INFORMATION PROVIDED:
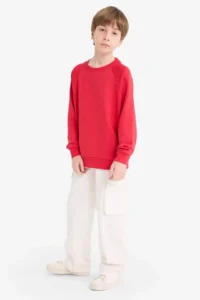 DeFacto Crew Neck Basic Plain School Sweatshirt Boy - Image 2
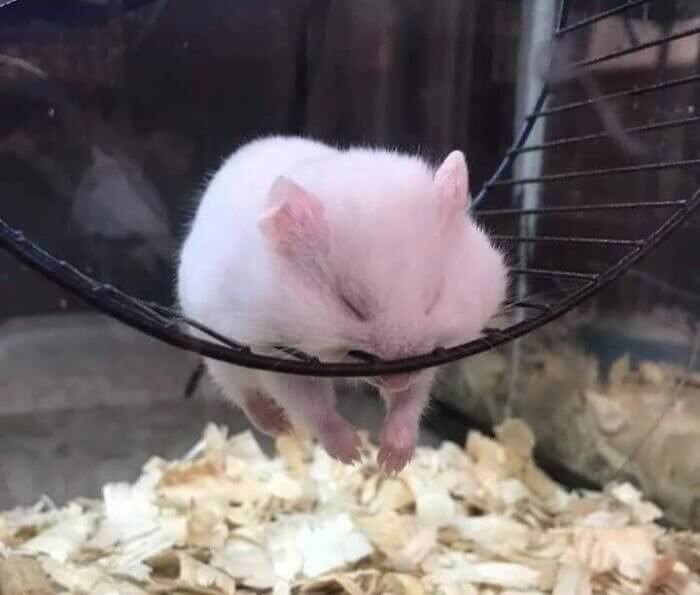 Thinking About the Gym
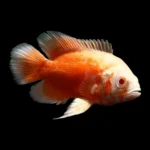 Astronotus Ocellatus "Chilli Red Oscar" - Image 2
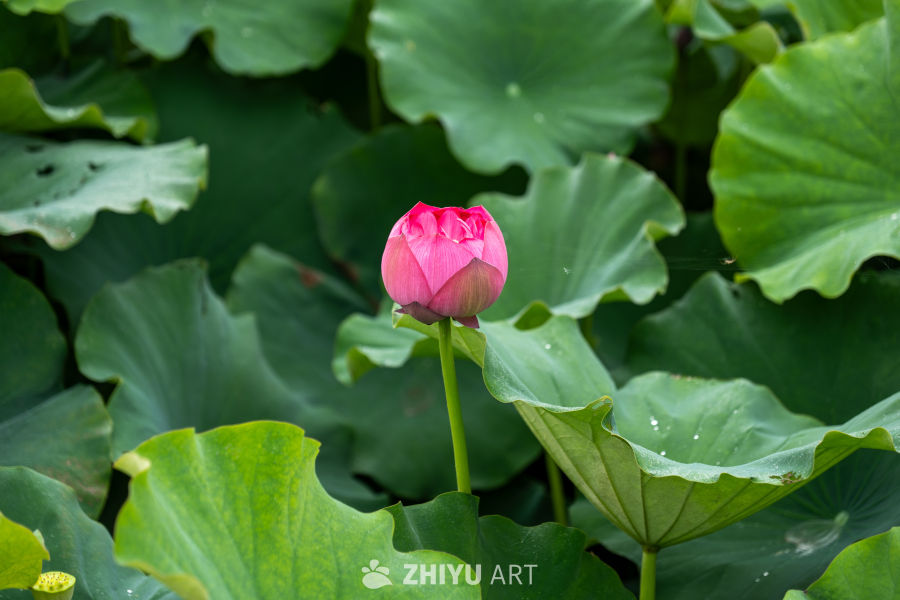 荷花 56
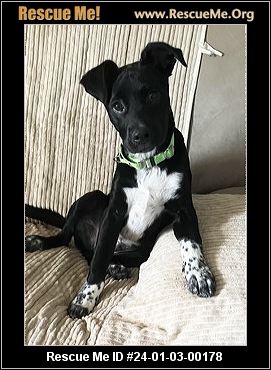 - New Jersey Dog Rescue - ADOPTIONS - Rescue Me!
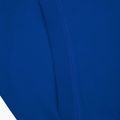 Мъжки суитшърт Pitbull West Coast Hooded Small Logo royal blue 5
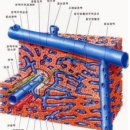 간 청 소 ( Liver Cleaning ) 이미지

REQUIRED WORK: Exclude all pictures and reproduce exactly the lines from the one containing "Мъжки суитшърт Pitbull" through the final line of the entries above.

TASK RESPONSE:
 Мъжки суитшърт Pitbull West Coast Hooded Small Logo royal blue 5
 간 청 소 ( Liver Cleaning ) 이미지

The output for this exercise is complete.